Together, we can make a difference for farmed animals.
Reflections on the 2019 Animal Rights National Conference
Each year, the Animal Rights National Conference is held to connect animal activists so that we can share experiences and victories from the past year, ideas, and more with each other. We are a growing movement, and there is always room for us to work better together to change the lives of animals and the world for the better.
Read on to hear about some of the reflections and experiences our group had at this year's Animal Rights National Conference.
This was my second year attending the conference. I find the experience of being around hundreds of like-minded advocates incredibly energizing and inspiring. One of the most memorable pieces of the conference for me was a session by Mercy for Animals called Measuring and Evaluating our Impact. This session gave me ideas for how we at CAA can quantify and communicate the real change we are making for farmed animals. After the conference ended, we visited Poplar Spring Sanctuary to enjoy some much-needed time with the animals. It was the cherry on top of an amazing vegan sundae!
On July 25th-28th, I was privileged to attend the 10th Annual Animal Rights Conference. I mean it when I say this: it was a life-changing experience.
I've been vegan for over seven years now.
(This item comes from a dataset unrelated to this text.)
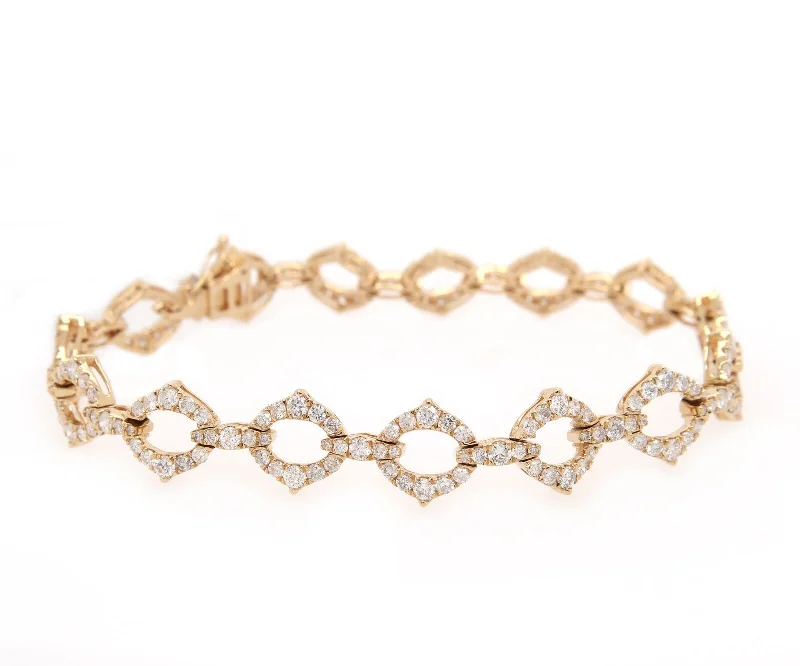 New 4.00ctw Diamond Open Link Bracelet in 14K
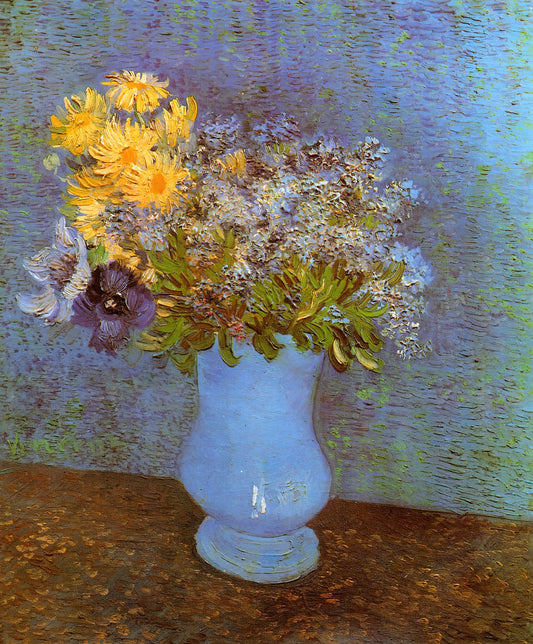 Cafe Terrace at Night: Van Gogh's Starry Vision of Arles - Vase with Lilacs, Daisies and Anemones by Vincent van Gogh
This whole time, I felt that I was doing "enough" in my vegan lifestyle—simply by not: consuming, wearing, buying, or using products tested on animals when in fact, veganism is more than just that. There's politics and realities behind veganism that I feel have always been right in front of me, but I never stopped to listen or acknowledge them. I've always been the passive activist that occasionally shares the realities in the cruelties behind animal consumption or exploitation. My friends and family know that I don't consume any animal products, but I haven't gotten in depth as to the the big question, "But why not?" The workshops and plenaries helped me learn how to answer those questions and how to live by it. The love and passion that other vegans shared during the conference rubbed off on me and helped me strive to be on "their level." I used to say that we should advocate for the voiceless, but I learned that just because we can't speak or understand an animal's language, doesn't mean that they're mute. It simply means that we just need to stop, breathe, and listen. The hands-on workshops, along with the #ImNotLovinIt Campaign silent protest I participated in was exhilarating. My original reasoning behind adopting, adapting, and transforming my life into veganism wasn't just due to the yummy vegan foods. Knowing me, I love to fight for what's right and and thankful for CAA sponsoring my attendance at the Animal Rights National Conference. They added fuel to the fire that ignites within me for my Animal Friends and Mother Earth.
If you're considering attending next year's Animal Rights National Conference (ARNC), PLEASE communicate your interest to Laura Matanah, CAA Director. You will NOT regret it.
This was my first time attending the National Animal Rights Conference. It was extremely rewarding to learn about the different facets and methods of activism in the animals rights movement. I also really enjoyed getting to meet people from different walks of life, who all shared a common passion. It is an experience that I am grateful to have had, and I hope to continue attending Animal Rights conferences in the years to come!
As a first-time attendee to the conference and as someone new to the movement, I enjoyed the welcoming atmosphere and sense of community that was present. I was surprised by how accessible leaders of organizations were, many making themselves available to chat between sessions. It created a sense of immediacy to their causes, such as Shirley McGreal’s International Primate Protection League, where I was able to talk with her directly about the work she’s doing with primates. I feel that after the conference I am more prepared to speak to the causes I am fighting for and left with a clearer idea of how to find my path forward as an individual activist and volunteer promoting animal rights.